PHOTOGRAPH: IVAN TIM/GK LAUNCH SERVICES

So far, satellite internet provider OneWeb is the first company to agree to use the magnetic plates on its fleet of satellites—in advance of the planned October 2021 launch of its broadband service, Blackerby says.

The engineering challenges of capturing something in space are enormous. During the demonstration, Astroscale’s operators in the United Kingdom will command the main satellite through a network of 16 ground stations spread across the globe, but the smaller client satellite will be just spinning in space. Ground controllers will have to estimate the speed and direction of both objects and make sure to precisely connect the magnet and the plate, otherwise a collision could send the two tumbling into space, where they could cause trouble.

“Most of this mission hasn’t been done before,” Blackerby says. “There has been docking in space back to the Apollo days with two objects with control on both sides. But to do something on an object that doesn’t have a communication or satellite link is incredibly difficult.”

If the ELSA-d project works, the Astroscale team will begin planning a second mission to grab a defunct Japanese upper-stage rocket booster sometime in 2023, Blackerby says.
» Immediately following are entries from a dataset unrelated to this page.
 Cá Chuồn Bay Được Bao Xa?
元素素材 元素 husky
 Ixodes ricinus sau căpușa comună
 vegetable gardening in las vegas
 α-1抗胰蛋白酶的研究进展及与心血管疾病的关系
Astroscale is working on other ideas to remove older space debris as well, such as by using a still-to-be-designed robotic arm, according to Blackerby.
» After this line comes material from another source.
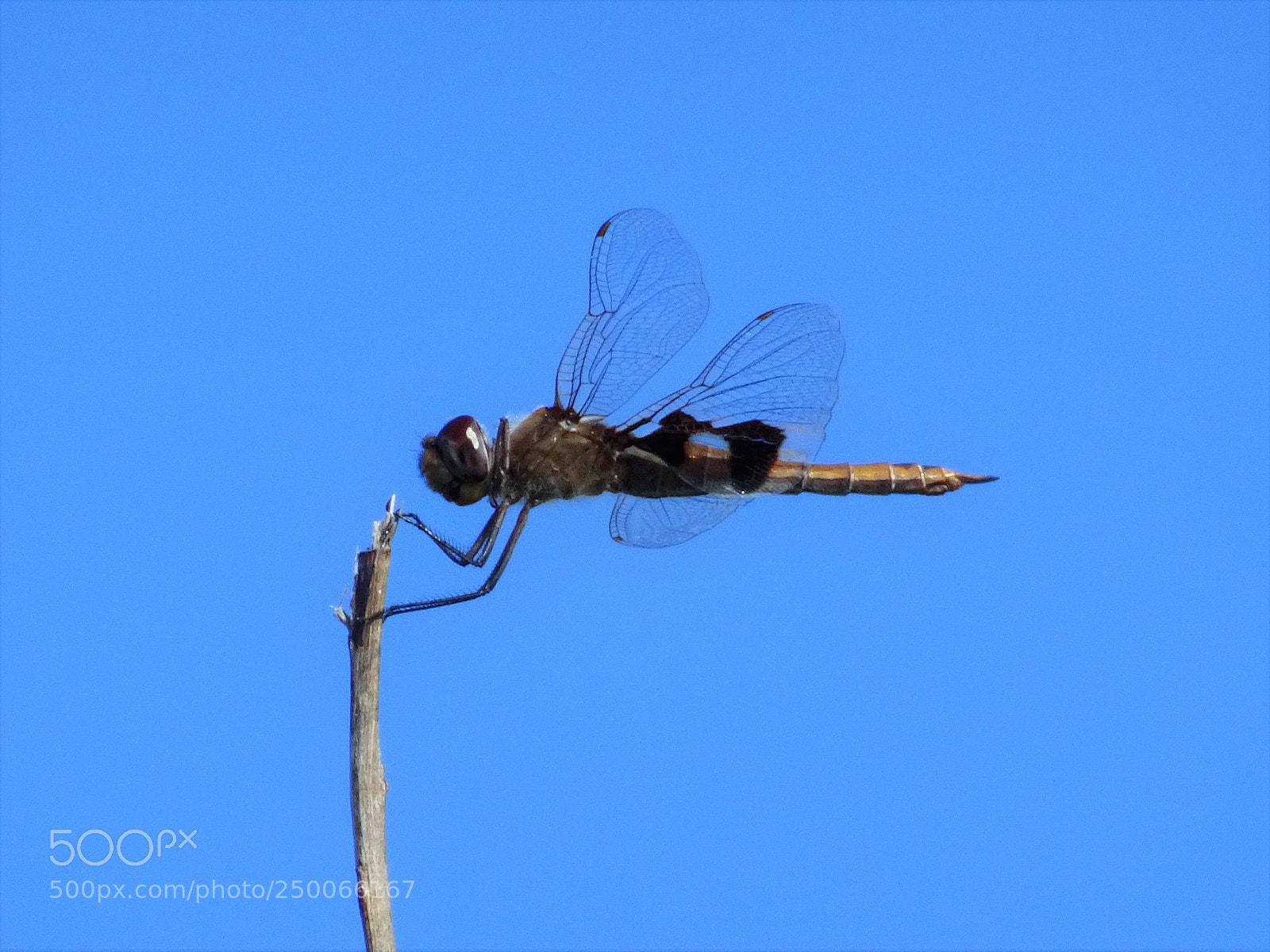 Sony DSC-HX90 sample photo. Dragonfly photography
In 2025 a European effort will attempt something similar, grabbing something moving at high speeds without being able to command it. Swiss startup ClearSpace was chosen by the European Space Agency to use a proposed tentacle-like system to reel in an 8-foot cone-shaped piece of the ESA’s Vega spacecraft booster rocket. The object was only used during launch and has been floating in orbit for several years. The plan is for the ClearSpace craft to seize the piece of the Vega launcher with its four robotic arms, then carry it back into Earth’s orbit, where the pair will disintegrate in a fiery, but quick end. (Here’s the video of how it’s supposed to work.) The ClearSpace-1 mission might be a solution for collecting pieces of space junk that are already aloft, because deploying a grappling mechanism won’t limit it to picking up satellites equipped with a magnetic plate.
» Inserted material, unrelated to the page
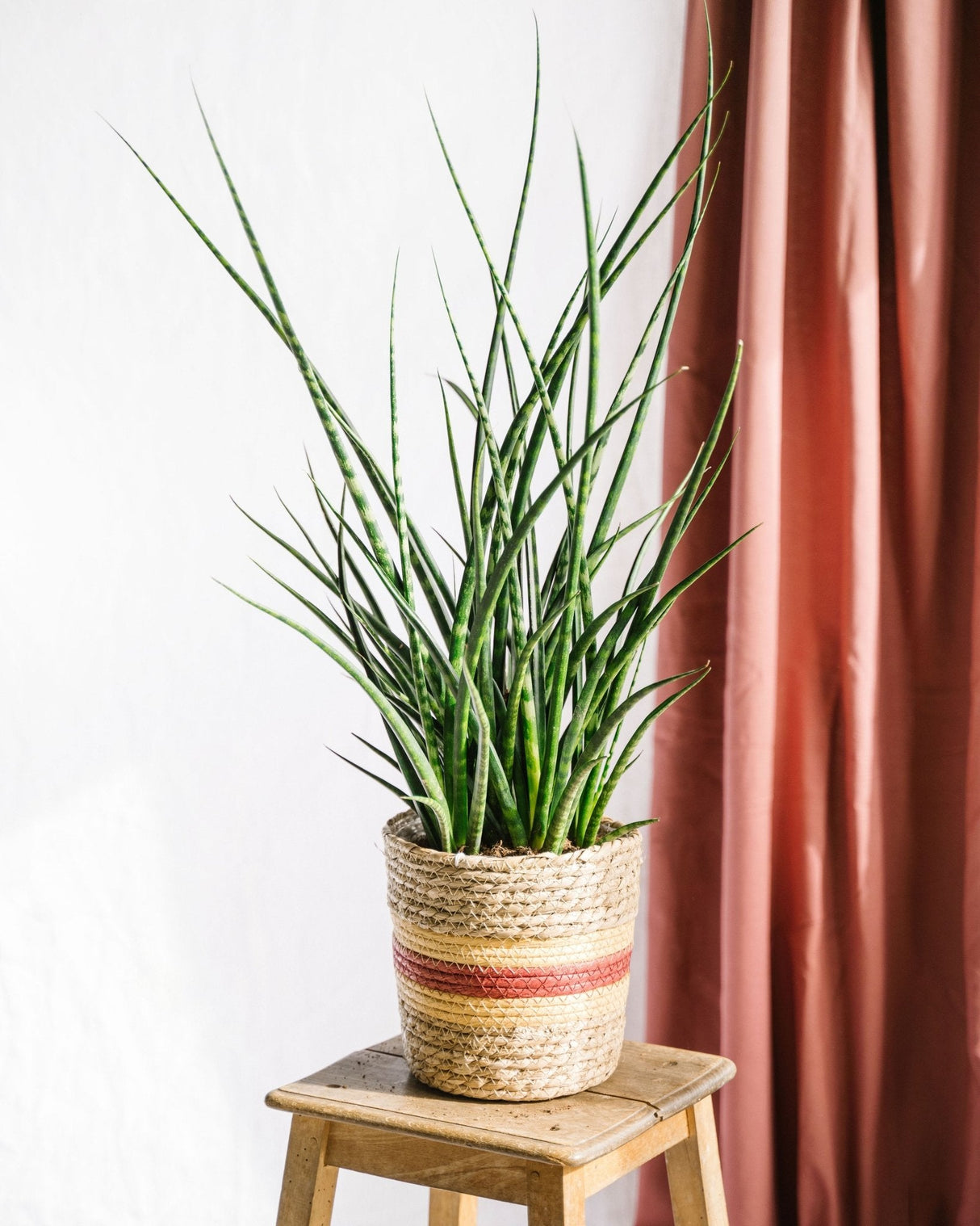Livraison plante Sansevieria Punk h70cm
ClearSpace CEO Luc Piguet says the hardest thing will be matching the speed and direction of the target, and then gripping it without bumping it and spinning it into another trajectory. “You have to determine the tumbling rate, navigate toward it, and negotiate the capture with an object that is non-cooperative,” Piguet says. “Creating more debris is something you don’t want to do.”

The task of clearing space of dangerous debris will likely increase as new commercial providers like OneWeb, SpaceX’s StarlinkAST & Science’s 5G network, and Telesat’s broadband service launch hundreds of new satellites in the coming months. Piguet says that some orbital altitudes are more crowded than others, and that the biggest traffic jam occurs over the North and South Poles, where functioning satellites intersect the paths of old pieces of space junk. “It’s at the poles where all the traffic crosses,” Piguet says. “And you have many more objects crossing each other than lower around the equator.”

While Astroscale and ClearSpace are aiming to remove debris, others are trying to develop the technology to move aging satellites out of danger. NASA and Northrup Grumann are both working on plans to service existing satellites. NASA’s servicing mission intends to cut a hole in a government-owned satellite and refill it with hydrazine fuel, according to Brent Robertson, project manager for NASA’s OSAM-1 servicing mission, which is expected to launch in 2025. Once the satellite has additional fuel, it can be controlled from the ground and maneuvered to an orbit away from troublesome debris. That will extend its useful life-span, rather than letting it end up dead in orbit.

Robertson says the lessons learned from this refueling mission will be useful down the road. “If humans are to move beyond low Earth orbit, we have to have spacecraft that are refuelable and sustainable,” Robertson says. “With this mission, we are demonstrating we can refuel a spacecraft in orbit.”